Freewaters Sandals and Water in Kenya

What do these two have in common? Freewaters is a footwear company that just launched in California, debuting 10 mens and 7 women’s sandals. Their shoes are innovative sandals and flipflops stylishly designed with ergonomic support, creating a very high-tech, comfy place for your feet. Why do I care? Because I’m one of their women’s product samples and have 4 shiny new pairs of freewaters flipflops that Im going to wear and tear in my upcoming travels.
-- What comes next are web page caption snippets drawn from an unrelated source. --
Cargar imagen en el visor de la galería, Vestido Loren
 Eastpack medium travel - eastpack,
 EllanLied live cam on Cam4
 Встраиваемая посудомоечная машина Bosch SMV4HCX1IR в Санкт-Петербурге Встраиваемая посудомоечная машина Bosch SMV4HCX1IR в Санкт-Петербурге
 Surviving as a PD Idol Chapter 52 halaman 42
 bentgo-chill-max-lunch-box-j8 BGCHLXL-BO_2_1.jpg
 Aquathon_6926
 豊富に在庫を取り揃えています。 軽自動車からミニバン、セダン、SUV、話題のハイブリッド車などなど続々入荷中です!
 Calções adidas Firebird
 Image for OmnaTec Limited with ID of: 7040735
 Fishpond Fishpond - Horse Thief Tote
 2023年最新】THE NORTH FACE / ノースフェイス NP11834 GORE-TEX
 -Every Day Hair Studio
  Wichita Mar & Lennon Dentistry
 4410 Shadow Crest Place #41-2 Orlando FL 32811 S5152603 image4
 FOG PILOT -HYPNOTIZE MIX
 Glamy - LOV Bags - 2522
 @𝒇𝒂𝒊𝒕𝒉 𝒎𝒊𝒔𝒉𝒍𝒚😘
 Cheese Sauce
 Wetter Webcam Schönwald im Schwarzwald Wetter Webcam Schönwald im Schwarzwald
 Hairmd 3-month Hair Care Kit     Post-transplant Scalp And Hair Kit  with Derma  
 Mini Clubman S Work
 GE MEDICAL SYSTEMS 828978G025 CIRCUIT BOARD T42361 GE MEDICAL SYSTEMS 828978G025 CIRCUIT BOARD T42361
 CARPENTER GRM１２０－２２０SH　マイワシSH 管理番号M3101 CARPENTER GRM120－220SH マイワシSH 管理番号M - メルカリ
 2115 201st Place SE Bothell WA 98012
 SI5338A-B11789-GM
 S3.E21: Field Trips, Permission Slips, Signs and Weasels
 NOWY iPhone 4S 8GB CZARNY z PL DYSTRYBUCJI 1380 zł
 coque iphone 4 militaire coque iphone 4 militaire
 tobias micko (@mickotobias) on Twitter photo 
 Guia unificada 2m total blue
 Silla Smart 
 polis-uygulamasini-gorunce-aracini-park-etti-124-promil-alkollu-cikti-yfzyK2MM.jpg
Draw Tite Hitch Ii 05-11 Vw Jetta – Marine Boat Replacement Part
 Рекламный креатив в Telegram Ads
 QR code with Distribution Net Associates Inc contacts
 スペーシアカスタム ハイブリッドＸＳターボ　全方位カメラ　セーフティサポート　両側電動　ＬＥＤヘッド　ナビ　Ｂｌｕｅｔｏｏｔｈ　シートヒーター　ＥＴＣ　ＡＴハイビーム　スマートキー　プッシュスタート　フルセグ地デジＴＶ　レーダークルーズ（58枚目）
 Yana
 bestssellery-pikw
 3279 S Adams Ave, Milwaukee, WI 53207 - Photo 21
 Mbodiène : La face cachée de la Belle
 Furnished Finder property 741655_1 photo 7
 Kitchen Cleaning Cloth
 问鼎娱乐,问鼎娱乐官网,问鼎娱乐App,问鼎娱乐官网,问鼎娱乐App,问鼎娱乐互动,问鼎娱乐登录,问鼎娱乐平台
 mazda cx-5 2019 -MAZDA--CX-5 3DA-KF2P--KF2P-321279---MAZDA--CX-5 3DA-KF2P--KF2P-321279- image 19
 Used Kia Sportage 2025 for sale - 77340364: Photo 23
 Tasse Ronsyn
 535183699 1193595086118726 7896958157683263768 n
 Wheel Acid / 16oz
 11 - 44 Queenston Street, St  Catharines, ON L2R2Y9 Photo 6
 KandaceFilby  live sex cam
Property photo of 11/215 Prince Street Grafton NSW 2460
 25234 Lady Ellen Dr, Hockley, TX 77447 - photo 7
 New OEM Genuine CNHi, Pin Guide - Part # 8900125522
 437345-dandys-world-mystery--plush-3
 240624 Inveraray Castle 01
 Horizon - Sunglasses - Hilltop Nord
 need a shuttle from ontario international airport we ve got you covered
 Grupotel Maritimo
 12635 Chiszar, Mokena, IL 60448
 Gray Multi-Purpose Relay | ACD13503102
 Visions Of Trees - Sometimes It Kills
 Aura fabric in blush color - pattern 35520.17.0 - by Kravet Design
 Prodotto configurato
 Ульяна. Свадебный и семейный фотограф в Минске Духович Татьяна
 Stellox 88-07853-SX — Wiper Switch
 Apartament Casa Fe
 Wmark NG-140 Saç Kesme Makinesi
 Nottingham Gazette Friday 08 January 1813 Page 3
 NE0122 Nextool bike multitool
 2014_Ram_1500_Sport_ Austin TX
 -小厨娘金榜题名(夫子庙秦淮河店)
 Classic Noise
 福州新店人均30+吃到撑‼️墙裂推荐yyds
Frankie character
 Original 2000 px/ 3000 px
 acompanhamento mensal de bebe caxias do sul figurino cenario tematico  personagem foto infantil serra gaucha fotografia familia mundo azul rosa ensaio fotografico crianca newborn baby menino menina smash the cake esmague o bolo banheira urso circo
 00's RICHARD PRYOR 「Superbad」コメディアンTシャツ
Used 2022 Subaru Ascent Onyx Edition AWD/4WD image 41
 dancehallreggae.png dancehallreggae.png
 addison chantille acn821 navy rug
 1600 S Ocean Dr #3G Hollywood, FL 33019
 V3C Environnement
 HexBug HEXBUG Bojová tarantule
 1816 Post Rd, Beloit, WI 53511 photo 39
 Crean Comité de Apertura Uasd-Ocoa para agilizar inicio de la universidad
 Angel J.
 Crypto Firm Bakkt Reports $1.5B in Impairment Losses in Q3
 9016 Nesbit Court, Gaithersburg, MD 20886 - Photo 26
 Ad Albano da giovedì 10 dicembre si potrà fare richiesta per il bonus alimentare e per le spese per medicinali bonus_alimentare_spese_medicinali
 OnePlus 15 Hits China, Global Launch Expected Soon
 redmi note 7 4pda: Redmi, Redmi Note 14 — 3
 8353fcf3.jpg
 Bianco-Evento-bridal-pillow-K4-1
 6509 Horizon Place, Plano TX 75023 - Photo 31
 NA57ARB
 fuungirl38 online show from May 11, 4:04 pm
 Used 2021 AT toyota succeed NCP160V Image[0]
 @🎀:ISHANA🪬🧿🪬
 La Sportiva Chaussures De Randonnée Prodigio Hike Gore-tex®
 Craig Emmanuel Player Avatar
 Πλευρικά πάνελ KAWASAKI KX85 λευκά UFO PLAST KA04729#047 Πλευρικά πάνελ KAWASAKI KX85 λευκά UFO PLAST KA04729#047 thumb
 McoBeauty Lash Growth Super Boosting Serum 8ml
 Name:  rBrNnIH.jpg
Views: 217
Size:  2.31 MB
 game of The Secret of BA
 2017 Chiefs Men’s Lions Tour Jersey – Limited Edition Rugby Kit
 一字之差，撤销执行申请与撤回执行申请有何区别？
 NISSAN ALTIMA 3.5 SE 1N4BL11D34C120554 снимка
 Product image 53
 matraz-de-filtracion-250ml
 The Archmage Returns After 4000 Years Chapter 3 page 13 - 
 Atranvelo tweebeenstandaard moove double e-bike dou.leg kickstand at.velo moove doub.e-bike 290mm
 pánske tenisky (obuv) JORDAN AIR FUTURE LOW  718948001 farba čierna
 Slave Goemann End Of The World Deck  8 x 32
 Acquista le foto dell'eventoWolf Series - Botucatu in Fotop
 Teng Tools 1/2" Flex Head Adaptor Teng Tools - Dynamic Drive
women's sandals Sola, Vezpa, Capetown and Bossa Nova

I’m pretty excited about this after my recent trip to India, because when I was there I had the perpetual problem of my shoes breaking. The flipflops I wore there were only a few months old (Hawaianas), but since I walk so much when I travel, one broke after the first day on India’s less-than-navigable sidewalks. I then bought a pair of flipflops for 100 rupees ($2.25), which broke the following day on a hike around Hampi’s Hindi temple ruins, and I realized very quickly that Indian-made sandals are far from duarble; throughout the rest of my barefoot walk home, I probably saw 10 odd sided, broken shoes scattered along the trail. Luckily I managed to find one functional right-sided shoe, and a few meters later, the broken left sided one which I fixed and had another pair of sandals… which broke the next day.

I doubt these Freewaters sandals will give me any trouble, and in fact, I may have a hard time even wearing them out since they’re so well made. But, the best part about these shoes isn’t that they look great or are super comfy to wear, but the mission behind the product: Freewaters is trying to design the best sandals while finding solutions to the global drinking water pandemic. Their first humanitarian initiative is a project in Dago, Kenya, where they are digging a series of freshwater wells to provide safe and reliable drinking water in an area of the world where water-borne disease is a serious problem. For every pair of Freewaters sandals one buys, it allows them to provide clean drinking water for one person for one year. Since March 22nd is World Water Day, perhaps now is a good time to get involved.